Tiger was the smartest cat I have ever interacted with. When she was lost for 2 weeks straight, she was able to sustain herself and find her way back. She knew the sound of the engine of my car, and was always there to greet me when I pulled into the driveway. She knew her own name, and responded to several sentences, including "Do you want a treat ?", "Do you want to play ?" and "Come here !"

Sometimes she was TOO smart for her own good. She knew darned well she wasn't supposed to sit on our pseudo-leather black couches. We trained her very consistently to stay away from them. However, she knew that if she slept on them when we were out, and was off by the time we got home, she could get away with it. The telltale fur on the couches gave her away. Once I was walking down the stairs and I heard a THUNK - it was Tiger, hiding the evidence by jumping off the couch as I walked down the stairs. The little brat.

When we first relocated to California, I was alone for two weeks while Scott took care of business in Toronto. I was lonely and afraid, and Tiger was there to keep me company and keep me sane.

She loved California and our new house. As with me, she liked spring/summer weather best. During the warmer months, she would spend most of her time outside.
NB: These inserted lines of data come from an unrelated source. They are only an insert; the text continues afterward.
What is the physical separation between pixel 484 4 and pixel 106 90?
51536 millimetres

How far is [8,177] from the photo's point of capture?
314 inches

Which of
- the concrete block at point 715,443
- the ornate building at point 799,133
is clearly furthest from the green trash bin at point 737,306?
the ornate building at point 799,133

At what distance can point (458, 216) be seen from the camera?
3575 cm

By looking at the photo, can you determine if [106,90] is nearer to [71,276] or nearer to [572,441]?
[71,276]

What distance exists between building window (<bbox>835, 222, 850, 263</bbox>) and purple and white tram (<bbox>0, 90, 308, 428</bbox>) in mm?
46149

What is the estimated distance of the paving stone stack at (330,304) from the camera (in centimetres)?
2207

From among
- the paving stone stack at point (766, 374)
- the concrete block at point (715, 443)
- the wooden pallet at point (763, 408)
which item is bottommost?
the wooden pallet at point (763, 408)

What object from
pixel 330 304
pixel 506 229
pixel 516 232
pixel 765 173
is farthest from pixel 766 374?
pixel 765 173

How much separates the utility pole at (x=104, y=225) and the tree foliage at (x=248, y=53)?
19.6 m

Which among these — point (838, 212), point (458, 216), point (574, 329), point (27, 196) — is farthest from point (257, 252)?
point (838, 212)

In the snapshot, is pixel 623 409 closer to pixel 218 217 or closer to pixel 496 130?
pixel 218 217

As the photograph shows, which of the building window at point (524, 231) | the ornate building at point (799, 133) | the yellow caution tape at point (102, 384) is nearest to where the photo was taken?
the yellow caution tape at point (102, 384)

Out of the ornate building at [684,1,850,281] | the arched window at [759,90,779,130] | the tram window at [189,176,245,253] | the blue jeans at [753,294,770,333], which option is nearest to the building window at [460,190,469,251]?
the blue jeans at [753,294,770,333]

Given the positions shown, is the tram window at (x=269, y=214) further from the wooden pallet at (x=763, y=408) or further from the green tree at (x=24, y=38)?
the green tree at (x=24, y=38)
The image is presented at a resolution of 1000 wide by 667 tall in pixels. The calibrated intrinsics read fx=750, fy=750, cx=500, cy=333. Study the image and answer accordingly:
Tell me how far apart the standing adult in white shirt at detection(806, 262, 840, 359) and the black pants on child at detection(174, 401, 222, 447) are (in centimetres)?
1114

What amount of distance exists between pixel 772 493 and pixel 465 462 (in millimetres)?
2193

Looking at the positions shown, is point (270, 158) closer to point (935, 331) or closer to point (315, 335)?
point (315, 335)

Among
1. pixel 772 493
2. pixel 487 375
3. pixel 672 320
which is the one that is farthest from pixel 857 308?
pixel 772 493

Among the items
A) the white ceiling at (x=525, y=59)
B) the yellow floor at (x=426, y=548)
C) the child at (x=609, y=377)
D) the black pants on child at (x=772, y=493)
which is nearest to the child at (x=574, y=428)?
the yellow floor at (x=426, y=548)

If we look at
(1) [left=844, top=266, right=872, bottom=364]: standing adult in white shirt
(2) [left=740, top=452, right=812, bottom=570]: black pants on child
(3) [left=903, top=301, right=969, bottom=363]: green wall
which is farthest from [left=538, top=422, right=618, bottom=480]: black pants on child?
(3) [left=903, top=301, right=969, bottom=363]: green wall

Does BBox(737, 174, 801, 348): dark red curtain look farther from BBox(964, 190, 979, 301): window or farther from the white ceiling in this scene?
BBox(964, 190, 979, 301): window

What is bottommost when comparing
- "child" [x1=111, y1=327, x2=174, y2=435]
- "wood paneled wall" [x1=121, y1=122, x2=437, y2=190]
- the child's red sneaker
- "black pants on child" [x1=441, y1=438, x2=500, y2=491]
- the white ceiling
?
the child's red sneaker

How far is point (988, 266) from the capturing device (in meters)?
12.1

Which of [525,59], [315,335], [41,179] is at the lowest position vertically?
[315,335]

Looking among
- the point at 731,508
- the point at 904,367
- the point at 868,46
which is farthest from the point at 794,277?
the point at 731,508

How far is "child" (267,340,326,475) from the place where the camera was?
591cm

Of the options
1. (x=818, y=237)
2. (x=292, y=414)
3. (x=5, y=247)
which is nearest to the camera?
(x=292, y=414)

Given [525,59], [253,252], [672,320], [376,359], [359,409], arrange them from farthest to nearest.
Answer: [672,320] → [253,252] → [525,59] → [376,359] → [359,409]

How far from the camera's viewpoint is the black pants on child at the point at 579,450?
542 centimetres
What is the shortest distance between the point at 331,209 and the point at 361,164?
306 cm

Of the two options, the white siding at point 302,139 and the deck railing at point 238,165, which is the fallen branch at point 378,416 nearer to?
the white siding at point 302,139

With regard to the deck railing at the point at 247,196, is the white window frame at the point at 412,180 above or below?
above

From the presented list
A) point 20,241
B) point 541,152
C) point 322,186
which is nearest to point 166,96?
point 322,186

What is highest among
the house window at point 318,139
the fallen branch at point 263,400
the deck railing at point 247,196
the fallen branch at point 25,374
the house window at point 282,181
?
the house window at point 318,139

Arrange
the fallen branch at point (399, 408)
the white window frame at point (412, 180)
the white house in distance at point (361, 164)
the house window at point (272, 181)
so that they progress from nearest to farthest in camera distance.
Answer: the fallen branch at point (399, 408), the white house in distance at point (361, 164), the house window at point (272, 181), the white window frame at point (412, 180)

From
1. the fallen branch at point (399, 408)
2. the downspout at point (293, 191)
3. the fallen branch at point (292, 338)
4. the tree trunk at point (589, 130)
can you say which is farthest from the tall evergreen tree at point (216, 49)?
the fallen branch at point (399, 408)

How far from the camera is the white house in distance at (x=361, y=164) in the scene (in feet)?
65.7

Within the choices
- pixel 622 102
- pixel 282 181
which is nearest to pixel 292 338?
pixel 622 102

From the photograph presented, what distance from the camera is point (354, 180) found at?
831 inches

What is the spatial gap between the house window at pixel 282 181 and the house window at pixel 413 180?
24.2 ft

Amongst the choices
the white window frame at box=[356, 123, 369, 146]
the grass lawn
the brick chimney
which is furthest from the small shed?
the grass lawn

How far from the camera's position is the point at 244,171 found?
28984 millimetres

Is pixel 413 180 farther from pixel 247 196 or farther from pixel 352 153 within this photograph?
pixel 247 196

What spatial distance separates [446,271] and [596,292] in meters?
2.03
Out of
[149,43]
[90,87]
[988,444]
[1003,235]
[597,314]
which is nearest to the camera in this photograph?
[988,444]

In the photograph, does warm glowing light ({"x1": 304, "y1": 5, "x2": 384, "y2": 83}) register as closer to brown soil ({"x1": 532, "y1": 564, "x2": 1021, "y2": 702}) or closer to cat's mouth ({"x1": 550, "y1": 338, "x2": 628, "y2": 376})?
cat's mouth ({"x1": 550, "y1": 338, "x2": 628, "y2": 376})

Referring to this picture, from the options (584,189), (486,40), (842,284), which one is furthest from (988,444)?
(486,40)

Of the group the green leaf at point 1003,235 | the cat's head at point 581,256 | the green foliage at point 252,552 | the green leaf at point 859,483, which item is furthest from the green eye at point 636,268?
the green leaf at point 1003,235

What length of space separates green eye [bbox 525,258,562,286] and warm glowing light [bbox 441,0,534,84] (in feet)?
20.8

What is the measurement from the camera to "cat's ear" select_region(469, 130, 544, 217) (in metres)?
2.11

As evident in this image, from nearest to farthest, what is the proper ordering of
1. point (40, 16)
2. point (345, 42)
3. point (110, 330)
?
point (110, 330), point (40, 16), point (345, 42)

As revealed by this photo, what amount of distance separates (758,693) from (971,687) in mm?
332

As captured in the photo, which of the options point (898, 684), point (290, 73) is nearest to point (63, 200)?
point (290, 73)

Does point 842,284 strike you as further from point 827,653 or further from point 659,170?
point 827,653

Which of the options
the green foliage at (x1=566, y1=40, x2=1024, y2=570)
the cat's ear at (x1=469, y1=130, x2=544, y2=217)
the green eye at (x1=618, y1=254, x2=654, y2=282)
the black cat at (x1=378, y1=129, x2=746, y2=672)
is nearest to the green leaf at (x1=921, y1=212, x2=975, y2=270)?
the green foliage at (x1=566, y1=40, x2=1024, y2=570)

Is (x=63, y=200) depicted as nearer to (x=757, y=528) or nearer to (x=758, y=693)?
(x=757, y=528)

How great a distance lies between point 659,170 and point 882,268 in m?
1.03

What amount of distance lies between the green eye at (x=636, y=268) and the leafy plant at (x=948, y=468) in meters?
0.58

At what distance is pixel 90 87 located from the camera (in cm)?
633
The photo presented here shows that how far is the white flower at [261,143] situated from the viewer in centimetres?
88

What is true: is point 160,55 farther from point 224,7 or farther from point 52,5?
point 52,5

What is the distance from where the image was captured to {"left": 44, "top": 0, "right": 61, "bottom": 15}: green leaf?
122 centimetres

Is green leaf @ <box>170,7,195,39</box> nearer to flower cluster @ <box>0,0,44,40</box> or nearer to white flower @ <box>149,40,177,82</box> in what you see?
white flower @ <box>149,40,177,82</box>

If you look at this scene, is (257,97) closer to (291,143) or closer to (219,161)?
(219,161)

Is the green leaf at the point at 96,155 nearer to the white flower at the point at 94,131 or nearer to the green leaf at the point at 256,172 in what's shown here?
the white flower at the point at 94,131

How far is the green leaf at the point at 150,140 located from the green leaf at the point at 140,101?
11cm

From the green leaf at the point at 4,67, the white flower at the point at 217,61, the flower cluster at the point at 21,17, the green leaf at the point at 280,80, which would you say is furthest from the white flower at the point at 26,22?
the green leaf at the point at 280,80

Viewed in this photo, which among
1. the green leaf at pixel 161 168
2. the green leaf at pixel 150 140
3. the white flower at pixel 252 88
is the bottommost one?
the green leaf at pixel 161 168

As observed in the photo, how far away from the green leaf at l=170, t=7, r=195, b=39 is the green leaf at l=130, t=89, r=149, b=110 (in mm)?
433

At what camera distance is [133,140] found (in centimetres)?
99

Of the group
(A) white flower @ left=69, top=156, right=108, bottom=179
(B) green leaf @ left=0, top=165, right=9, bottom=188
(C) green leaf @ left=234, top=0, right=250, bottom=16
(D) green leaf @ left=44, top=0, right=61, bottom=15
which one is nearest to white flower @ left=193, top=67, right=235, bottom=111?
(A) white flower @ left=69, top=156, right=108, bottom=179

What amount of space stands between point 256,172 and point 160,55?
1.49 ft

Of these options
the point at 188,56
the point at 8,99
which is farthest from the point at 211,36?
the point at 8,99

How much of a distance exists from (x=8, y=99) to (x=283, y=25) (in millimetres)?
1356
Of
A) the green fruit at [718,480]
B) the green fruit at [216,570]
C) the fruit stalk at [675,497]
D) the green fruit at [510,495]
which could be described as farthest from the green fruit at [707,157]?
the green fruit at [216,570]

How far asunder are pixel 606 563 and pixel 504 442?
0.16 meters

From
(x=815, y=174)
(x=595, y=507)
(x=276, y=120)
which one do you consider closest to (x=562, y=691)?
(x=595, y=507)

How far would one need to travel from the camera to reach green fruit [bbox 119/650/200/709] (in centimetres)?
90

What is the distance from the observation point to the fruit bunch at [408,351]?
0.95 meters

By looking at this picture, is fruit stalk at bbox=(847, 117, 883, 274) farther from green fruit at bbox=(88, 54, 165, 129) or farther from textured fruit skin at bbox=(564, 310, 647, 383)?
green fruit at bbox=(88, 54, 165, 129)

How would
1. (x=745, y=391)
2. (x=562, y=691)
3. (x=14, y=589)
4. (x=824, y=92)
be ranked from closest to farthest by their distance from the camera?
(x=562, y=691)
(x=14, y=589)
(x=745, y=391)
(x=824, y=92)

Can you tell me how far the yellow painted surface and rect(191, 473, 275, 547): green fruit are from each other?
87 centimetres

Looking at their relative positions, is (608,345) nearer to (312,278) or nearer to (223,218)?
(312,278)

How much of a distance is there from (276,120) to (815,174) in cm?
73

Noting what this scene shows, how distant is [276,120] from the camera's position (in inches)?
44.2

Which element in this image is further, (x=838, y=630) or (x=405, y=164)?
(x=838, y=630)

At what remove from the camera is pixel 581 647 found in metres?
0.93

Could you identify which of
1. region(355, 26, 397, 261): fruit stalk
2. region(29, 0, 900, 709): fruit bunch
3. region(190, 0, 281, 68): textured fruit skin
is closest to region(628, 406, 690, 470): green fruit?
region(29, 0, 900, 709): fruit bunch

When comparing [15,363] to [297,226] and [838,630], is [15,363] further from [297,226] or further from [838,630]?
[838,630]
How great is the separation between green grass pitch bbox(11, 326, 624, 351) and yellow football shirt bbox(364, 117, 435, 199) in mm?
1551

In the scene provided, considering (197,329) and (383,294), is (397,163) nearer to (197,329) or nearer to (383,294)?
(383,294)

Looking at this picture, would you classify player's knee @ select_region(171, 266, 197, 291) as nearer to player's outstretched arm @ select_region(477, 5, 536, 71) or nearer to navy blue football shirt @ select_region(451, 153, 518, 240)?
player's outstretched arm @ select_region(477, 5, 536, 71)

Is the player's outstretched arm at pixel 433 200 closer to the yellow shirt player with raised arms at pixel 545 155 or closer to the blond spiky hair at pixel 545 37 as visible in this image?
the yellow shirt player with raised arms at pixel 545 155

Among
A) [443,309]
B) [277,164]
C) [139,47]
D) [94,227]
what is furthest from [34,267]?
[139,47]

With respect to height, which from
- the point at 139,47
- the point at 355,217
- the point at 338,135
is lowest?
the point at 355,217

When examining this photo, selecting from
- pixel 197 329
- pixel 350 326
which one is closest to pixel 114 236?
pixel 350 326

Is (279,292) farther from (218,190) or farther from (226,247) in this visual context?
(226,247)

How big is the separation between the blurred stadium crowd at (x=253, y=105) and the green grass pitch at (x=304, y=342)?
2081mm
During winter, she usually spent the cool evenings inside, and the warmer days outside. We'd always see her basking in the sun, sleeping under the barbecue, or guarding the house. She had a very good life.

Since my commute is very long, I'd always get home late. Invariably, when I opened the door, Tiger was there waiting to greet me. So of course, I'd say hi to her and pet her first. Then I'd say hi to Scott. Well, Scott got his nose all out of joint that I was saying hi to the cat first. I told him that she was the one I saw first, and therefore, she gets greeted first. After that, it was always a race to the door - husband vs. cat - to be the one greeted first. If it was a tie, I'd greet Scott first. I guess he deserved that.

Two years ago, in 2001, we noticed that Tiger had started limping. It was subtle at first, but it quickly degenerated into an inability to walk more than 3 steps without stumbling. At 11 years old, she still had a lot of spunk in her, and we weren't about to admit defeat. I took her to a neurosurgeon, who performed spinal cord surgery. We cared not for the expense, and it turned out to be the best thing we ever did for her.

In the months after her surgery, her condition improved dramatically. She was able to walk and run around as if nothing had happened. She was friskier and more playful than she had been in years. She was so happy that she had recovered, and made the best of her new life. She still walked with a slight limp, but it was barely noticeable. Those two years were great years of her life. Even with her limp, she was able to continue to scale the 6-foot-high fence in our backyard and move freely between the back and front yards. Nothing was going to cage her in - not even a fence three times her height.

In the past year, she learned that if she banged on the vertical blinds, we would let her out. She also learned that if she scratched at the sliding glass door, we would let her in. Her desires were never ambiguous. We always knew what she wanted, and by golly, she was going to get it. We didn't dare ignore her needs - she was the boss and we knew it. Like most pet-lovers, we were fine with that.

She had a very fulfilling and happy life until about three weeks ago when her neurological problems returned. This time, it was different - she was no longer able to fully control her bowels or bladder, and was having balance issues. We knew that prolonging her life would only result in more suffering. I don't know that we would ever be ready to let her go, but keeping her alive in such discomfort would have been nothing short of selfish on our part. As difficult and painful as it was, we let her go peacefully. She knew we loved her with all our hearts. She brought us so many laughs, so much entertainment, and a loyal friendship for 12 long years. Yes, we will hurt for a while. We loved her very much and will miss her terribly. We comfort ourselves in remembering those wonderful years with her.

We will be getting another cat, but when, I don't know. It will be a while. We can only hope that our next pet will be as smart, loving, loyal, affectionate and entertaining as our Tiger.